PLANES ON THE HUDSON RIVER

Watching yet another plane crash on the Hudson River this year is a nerve wracking experience.  On August 8, as the Coast Guard, Army Corps of Engineers, Tugboats and NYPD helicopters cordonned off the West Side Highway south of Fourteenth Street, many of us watching yet another disaster scenario of salvage efforts were disconcerted by the frequency of planes falling around us.  Planes falling out of the sky seems to be one ecological hazard of living in New York City.  However, this time, there is no happy story with a Hollywood ending and a physical aircraft docked at Battery Park.  Instead: it is a grim call to radically revamp Federal Aviation requirements for aircraft flying below 1, 100 feet.

The 2006 plane crash on the East Side of Manhattan alerted the FAA to the dangers of low flying small aircraft over the East River.  It is time New York and New Jersey took a closer look at the heavily trafficked and unmonitored flight corridor over the Hudson River that is shared by both states.  According to Manhattan Borough President Scott Stringer, over 25, 000 helicopter trips are made a year without oversight of air space regulations.  For a resident of Manhattan and the Jersey shoreline, this should be a chilling piece of information.  We are in a shared air space and waterway system that requires rigorous overhauling as air traffic increases, the airline industry is deregulated, air traffic controllers are scaled back even further, and more leisure flyers take to the skies.

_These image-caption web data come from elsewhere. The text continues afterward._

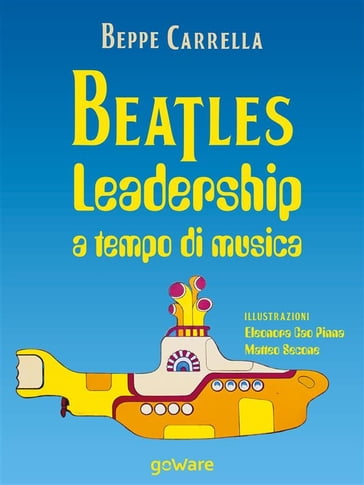 Beatles. Leadership a tempo di musica - Beppe Carrella
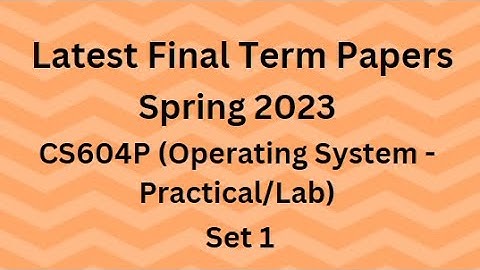 CS604P (Operating System - Practical/Lab) Final Term Paper Spring 2023- Set 1 & Guidelines for Exams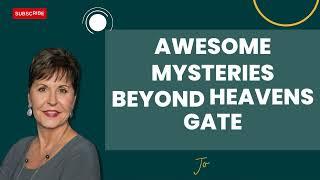 Podcast2803 | Awesome Mysteries Beyond Heavens Gate - Joyce Meyer 2024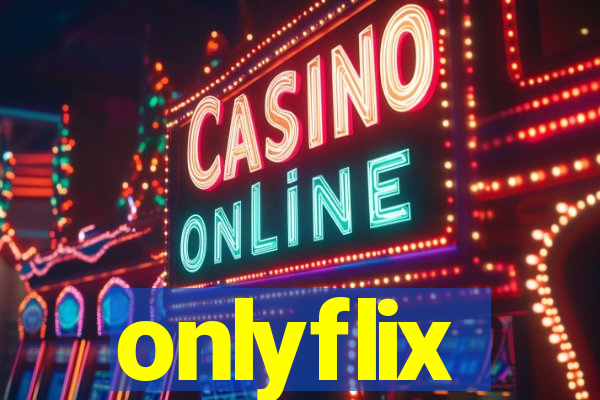 onlyflix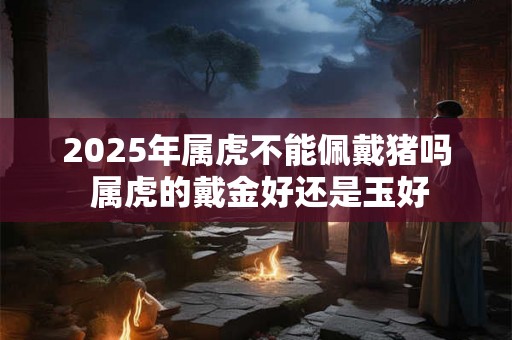 2025年属虎不能佩戴猪吗 属虎的戴金好还是玉好 2025年属虎不能佩戴猪吗 属虎的戴金好还是玉好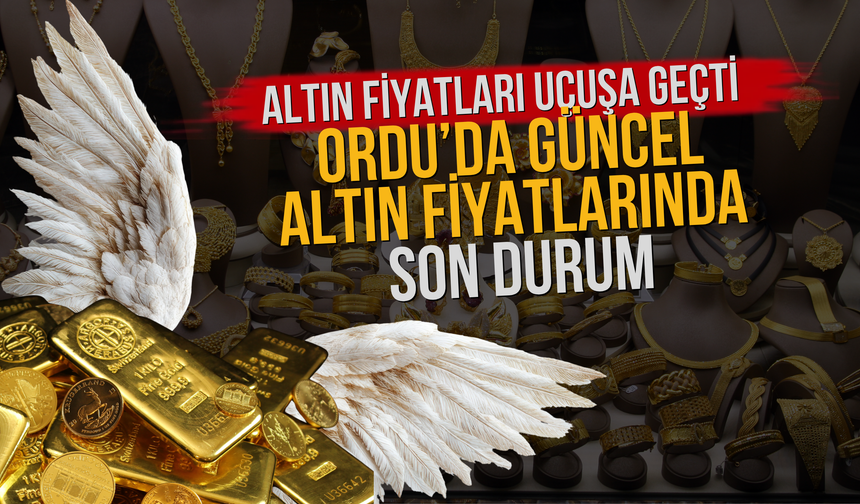 Altın Fiyatları Uçuşa Geçti: Ordu’da Güncel Altın Fiyatlarında Son Durum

What New York City has learned from this terrible tragedy is that the shores of New Jersey facing Manhattan is our sixth borough.  We need to think about the other side of our beloved Hudson River as part of our lifeline, a critical aspect of our ecosystem and our imagined future.  To that effect, a more engaged conversation with the other side of the Hudson River's magisterial shoreline needs to be incorporated into a more sustained and local conversation regarding air and water safety measures, water rights, pollution and industrial run off.  The January 15, 2009 U.S. Airways forced landing highlighted this interdependency when early reports about the extraordinary landing mentioned survivors possibly landing on either the Jersey side or the Manhattan side of the shoreline.  Saturday's catastrophe was a literal collision between the Manhattan and New Jersey air spaces.  Both Manhattan and Hoboken transportation, waterway and commuter networks were disrupted by this travesty.  We must take away important lessons to be implemented immediately with an eye to the safety of neighborhoods and cities, and remedy the unconscionable laxity geared towards the interests of big business and the after effects of de-regulation in the aviation and helicopter industries.